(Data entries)
--------------------

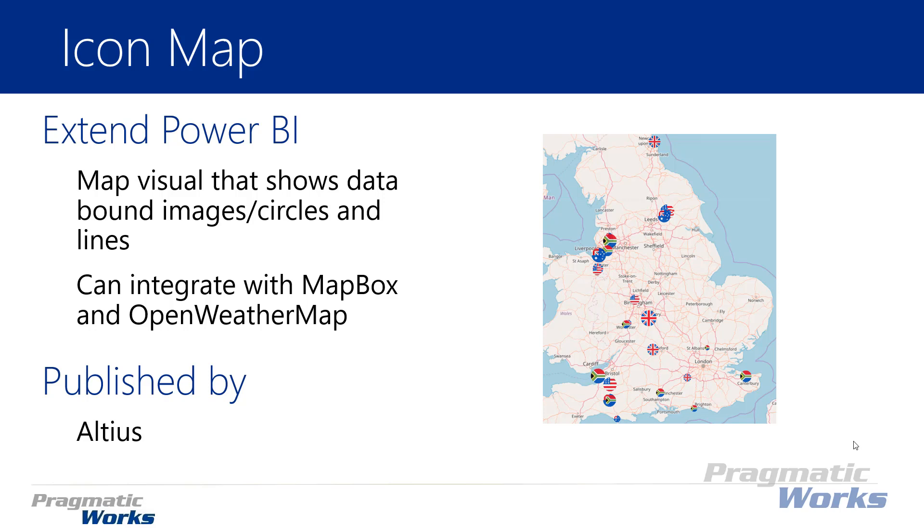You can also have some integration into Mapbox. Mapbox was a tool we've mentioned in a previous module. There was a Mapbox custom visual but there's also a lot of other things you can do with Mapbox if you go to Mapbox.com. There's also some integration into Open Weather Map, a cool place where there's an API you can tap into with a subscription that allows you to actually plot out weather data on your map. If you want to see if it's raining right now, is it cloudy, things like that you can bring into your map by tapping into the Open Weather API. You do have to have a subscription to that and an API key as well as the same thing for Mapbox.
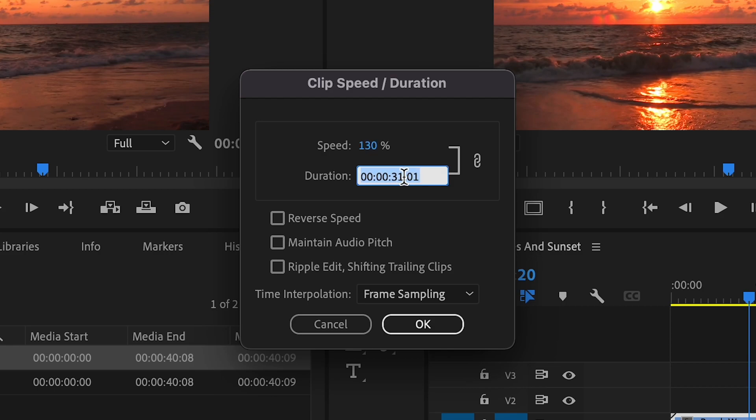If you need a specific timing for your sped up clip then you can input the exact time here and it will alter the percentage accordingly.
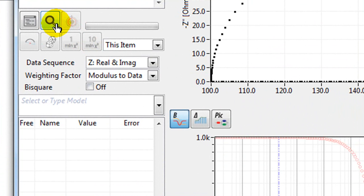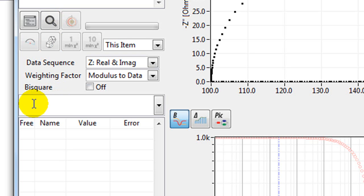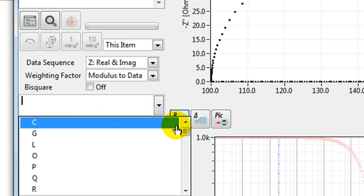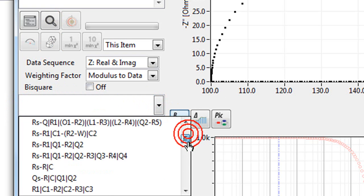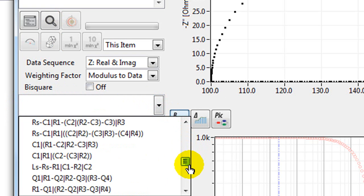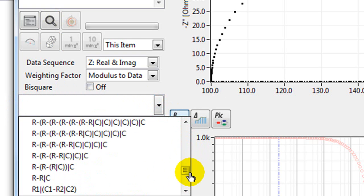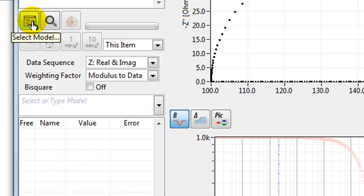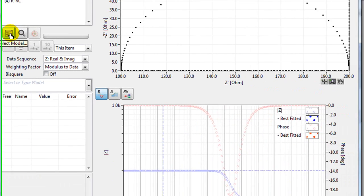If you do know what model to use, there are different ways of entering that model. You can start typing your model in here. Otherwise you can use the drop down list. There's a list of models in here. Or you can click this button, the select model.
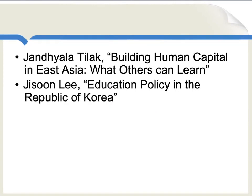East Asian educational success really has been one of the more miraculous stories of the 20th century, even if it has sometimes been quite hard on the students. To read more about East Asian educational success and its role in economic growth, I recommend starting with these two sources.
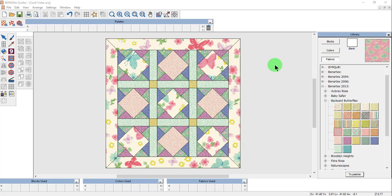Blocks can be edited as well. They can be edited either before or after fabrics are applied.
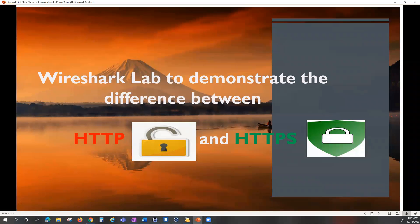Hey guys, it's me again, Kamil Sek. Today we're going to be looking at the difference between HTTP and HTTPS — why HTTP is considered not secure and HTTPS is considered secure.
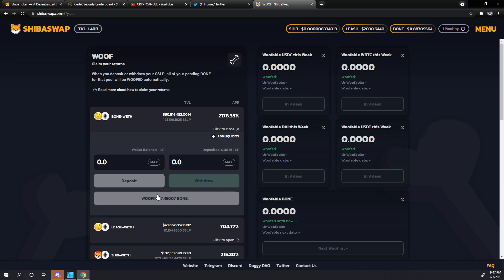I hope this has been informative for you. Again, your unwoofable 67% will be listed down here and the other 33% will show up in your wallet. If you have any questions, please put them in the comments below. Archangel out.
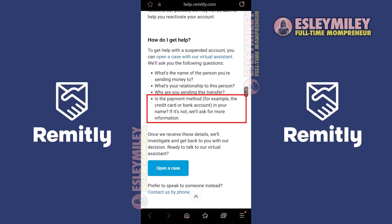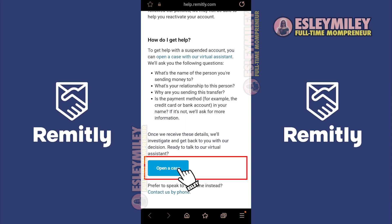Is the payment method — for example, the credit card or the bank account — in your name? If it's not, we'll ask for more information. If that's okay with you, click the Open Case button.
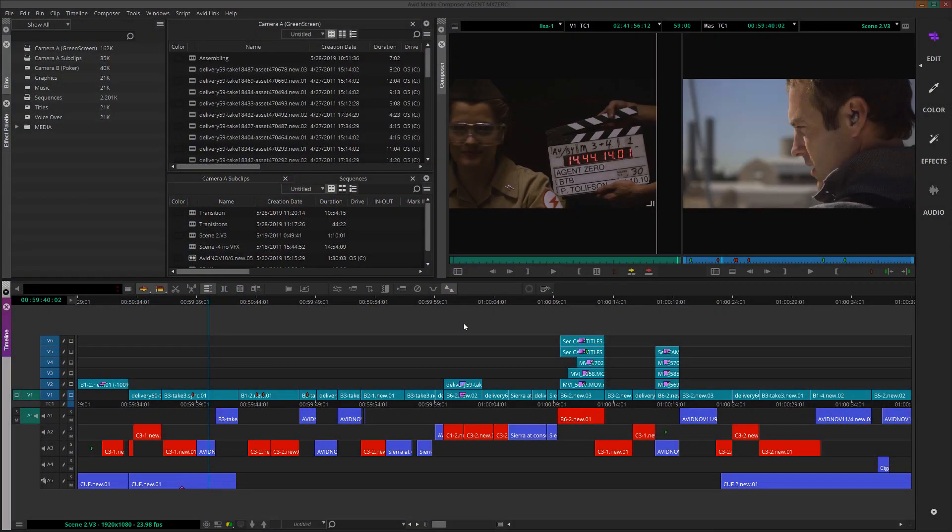Hey everyone, in this video I'm going to talk about ways that you could really speed up your editing inside Media Composer using keyboard shortcuts.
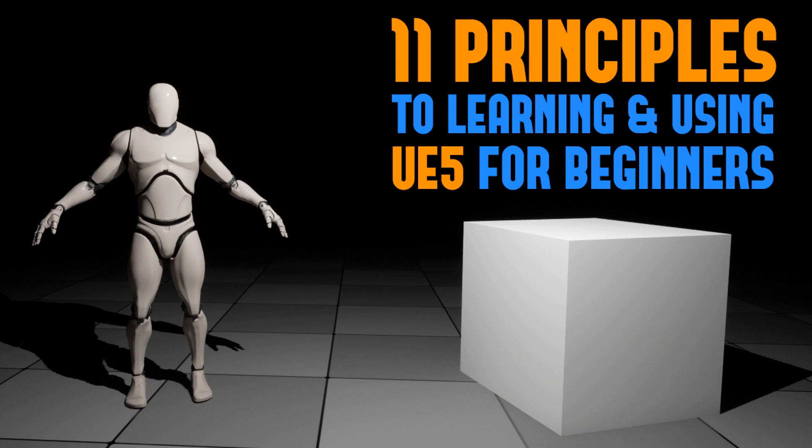In this video I will show you the 11 principles you need to know about to start learning and using UE5 as a complete beginner. I will outline how to begin learning UE5 so you can have a good foundation to build on. This way you can begin using UE5 rather than being overwhelmed by it.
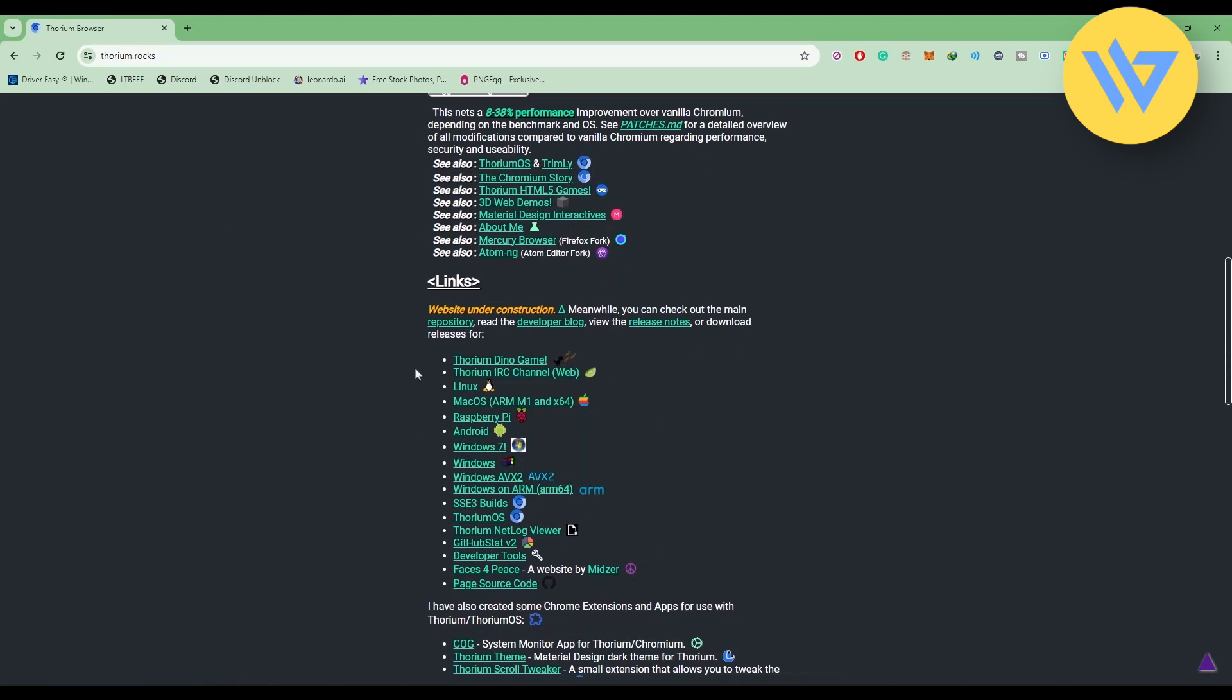You can download on Linux, Mac OS, Android, iOS—whatever you may need. In this case, I'm going to show you Windows.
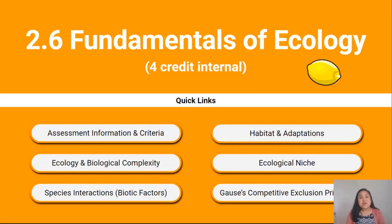Kia ora team! Welcome to the second video in the Fundamentals of Ecology series. This video is about ecology, biological complexity, and species interactions.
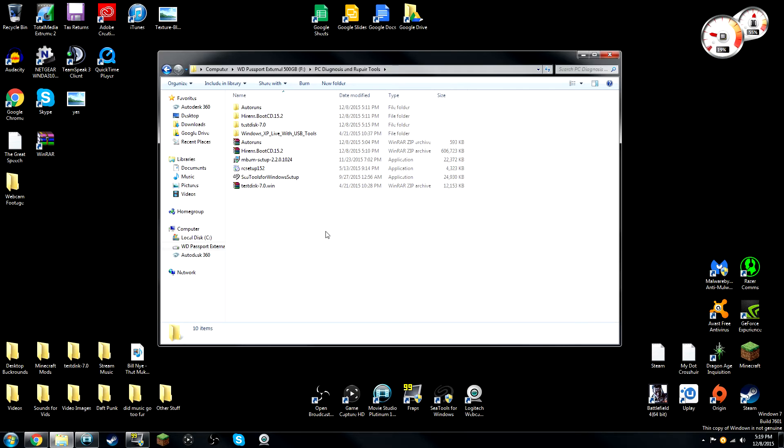So guys, this is the folder that I normally use when I go out to people's houses and help them with their computers. Now, a lot of these devices or programs you can get for absolutely free. There's no charge. They're what we call freeware. And like I said, there's absolutely no charge for getting them. You can just download them and get right to it.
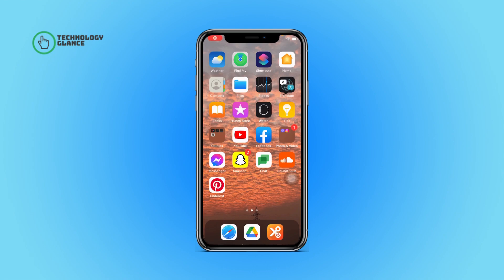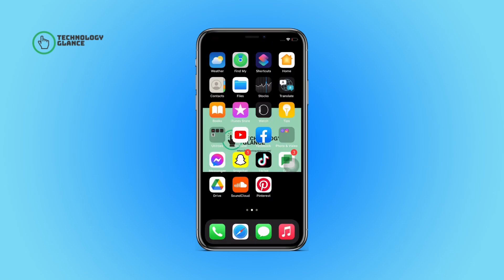Hi everyone, welcome back to another episode of Technology Glance. In this video, I'm going to guide you through how you can change the theme of your SoundCloud account, so let's get started.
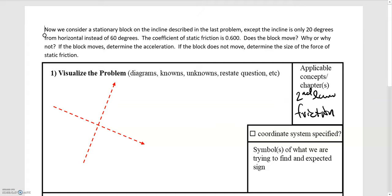In this video we'll be going over another example of a block sitting on an incline, except it's going to be a little different than what we've dealt with in the past. This problem is very similar to the last few examples except that the incline has decreased to 20 degrees instead of 60 degrees. We're given the coefficient of static friction is 0.6, and then we're asked: does the block move? This is a new kind of open-ended question.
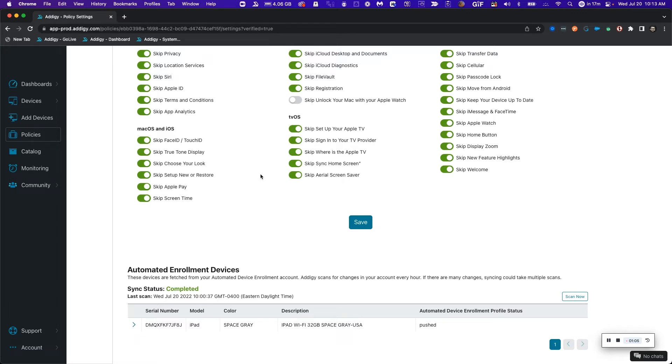Amazing. So this means that I'm now ready to move forward to onboard my new device. Let's take a look at what that looks like.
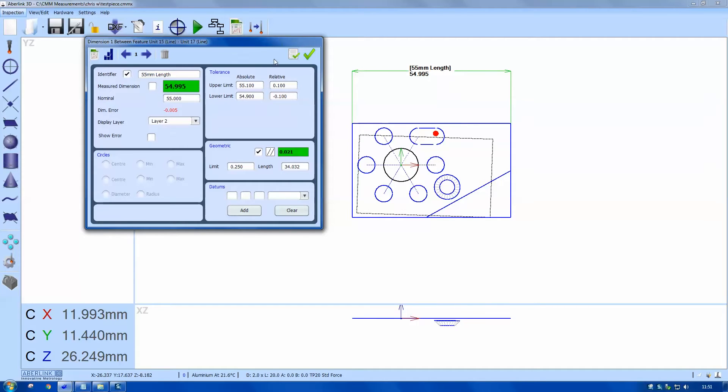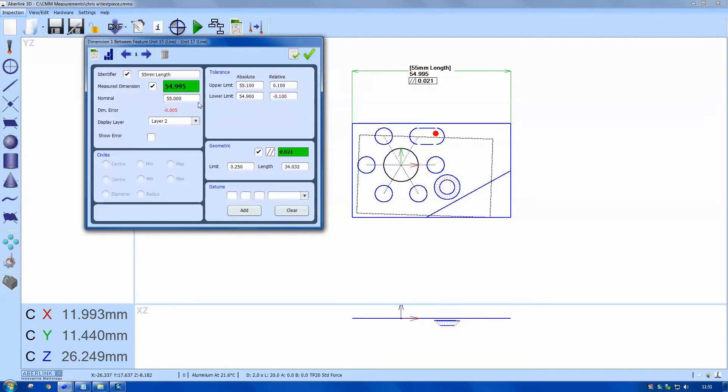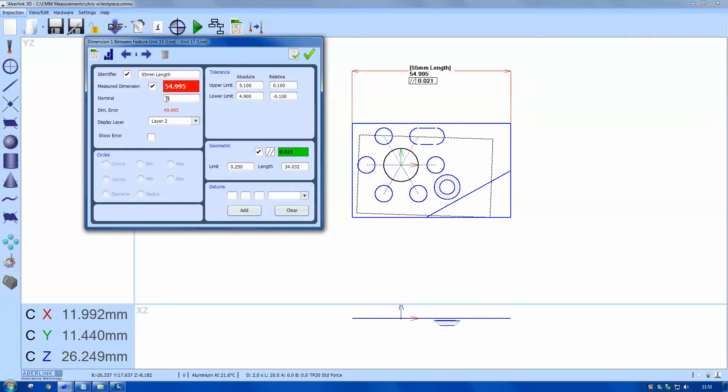I can also remove the measured dimension by unticking. Here we have the nominal of 55 millimeters. This has been estimated as a nearest 0.1 to the actual measured size. So if I change that to something else, 56, it's now outside tolerance and it's shown as red on the screen.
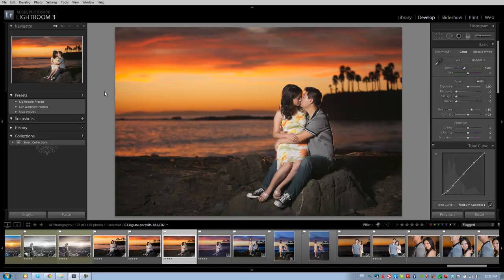Now this shot was actually taken out in Laguna Beach, this is of our clients, and we're going to bring up our information so we can talk through how it was shot. This was shot on a Canon 5D Mark II at 1/200 of a second, f2.8, and ISO 100.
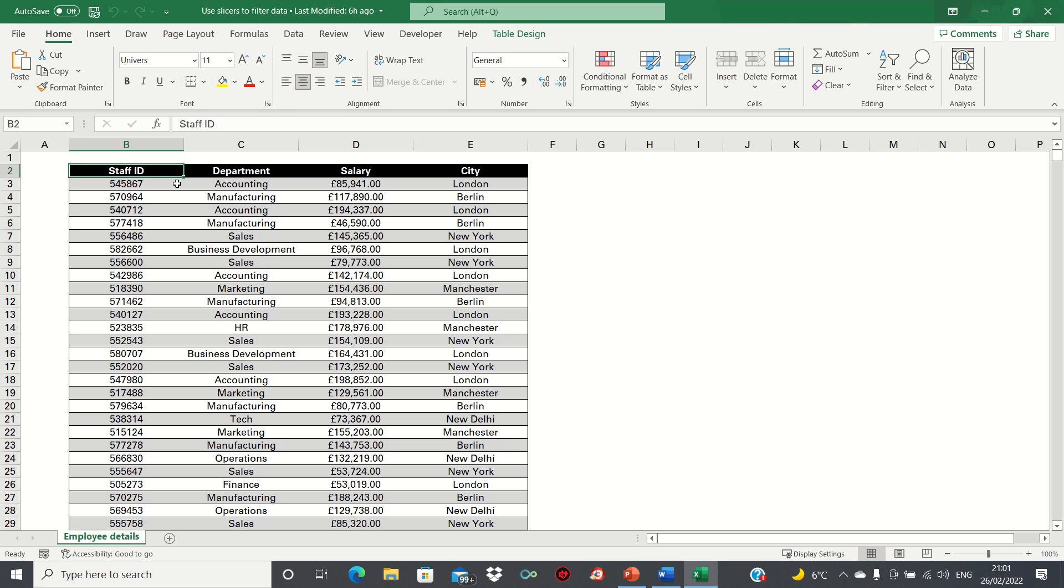Hi everyone and welcome to this video where I'll show you how to use slicers to filter data in tables and pivot tables in Excel.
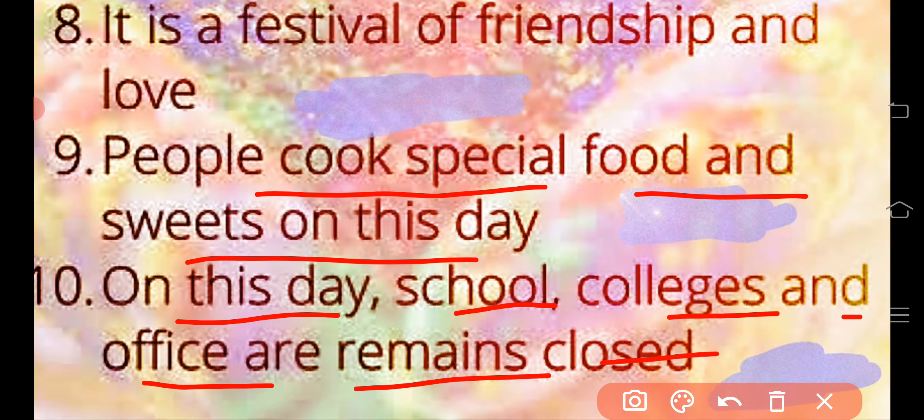On this day, schools, colleges, and offices remain closed.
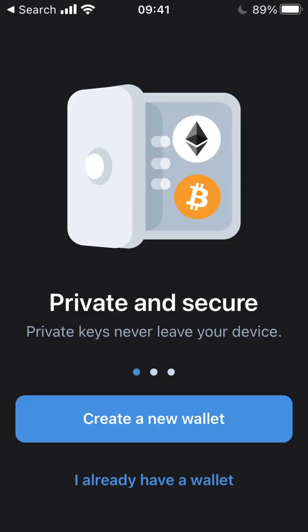Thank you for investing in Vault Hill. We can't wait to welcome you to Island 1 in the Vault Hill metaverse later this year. I'm going to show you how to configure Trust Wallet on your mobile, allowing you to view your Vault Hill seat tokens.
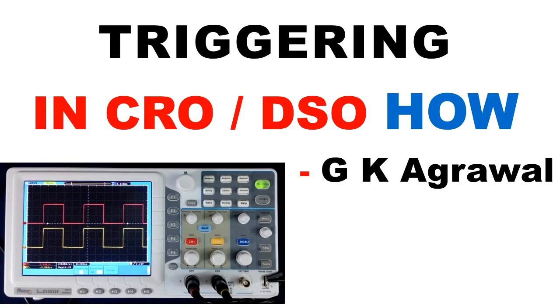Now we will close the discussion on the triggering of wave shape in CRO or DSO.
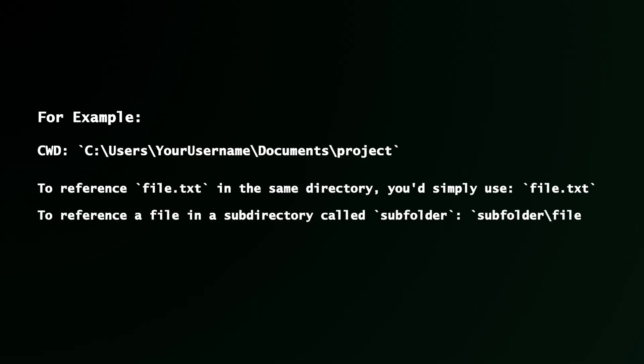If you have a subdirectory that's called subfolder, to access that file, you use subfolder backslash file.txt, or forward slash, whatever the case might be.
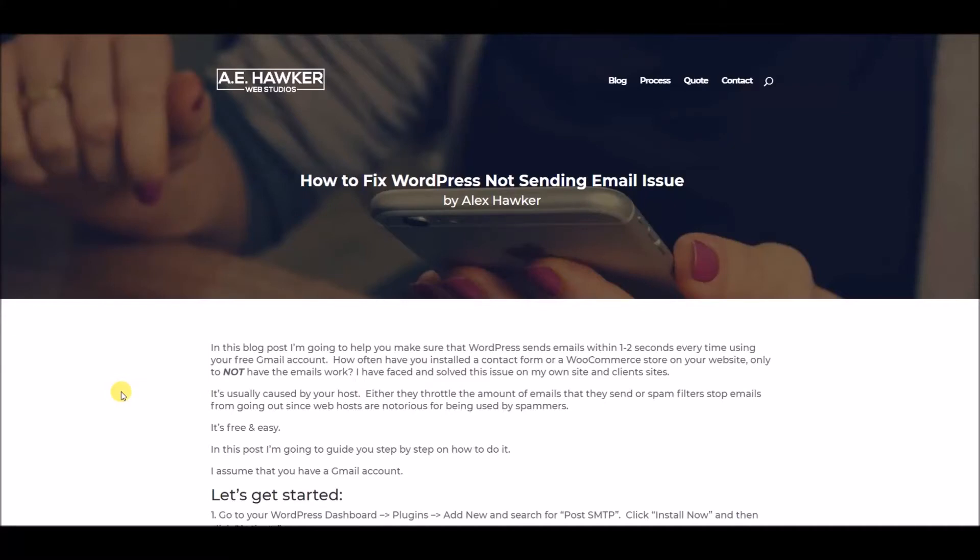This is Alex from A.E. Hawker Web Studios, and what I'm going to show you in this video is how to make sure that your WordPress website sends emails reliably every single time within one or two seconds using your free Gmail account.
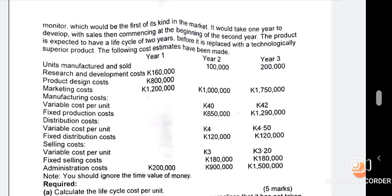Moving to Year 2: there are 100,000 units manufactured in that year — we'll need that detail. You take the 1,000,000 fixed cost, then there's 40 kwacha per unit, which is not an overall cost but a per-unit figure, so you multiply 40 by 100,000 units giving you 4,000,000. The next component is 650,000, which you also pick up.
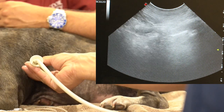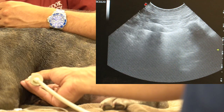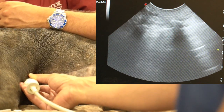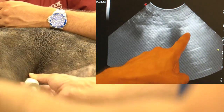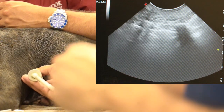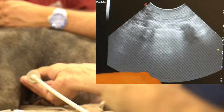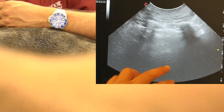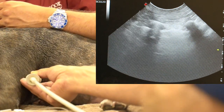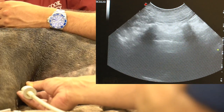Then we go further down cranially and ventrally, going over the heart superiorly. We're now in the ventral lung fields and we have A lines again. There appears to be some B lines, but true B lines would obliterate the A lines and go straight through to the other end of the field. What we find here is tapering, so that's not a B line. We also have the heart there, which is not uncommon to see beating.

--------------------

Omit every picture, and please return the entries exactly from the first line through the line with "If you need", both included.

#### Response box:
You can also have some integration into Mapbox. Mapbox was a tool we've mentioned in a previous module. There was a Mapbox custom visual but there's also a lot of other things you can do with Mapbox if you go to Mapbox.com. There's also some integration into Open Weather Map, a cool place where there's an API you can tap into with a subscription that allows you to actually plot out weather data on your map. If you want to see if it's raining right now, is it cloudy, things like that you can bring into your map by tapping into the Open Weather API. You do have to have a subscription to that and an API key as well as the same thing for Mapbox.
If you need a specific timing for your sped up clip then you can input the exact time here and it will alter the percentage accordingly.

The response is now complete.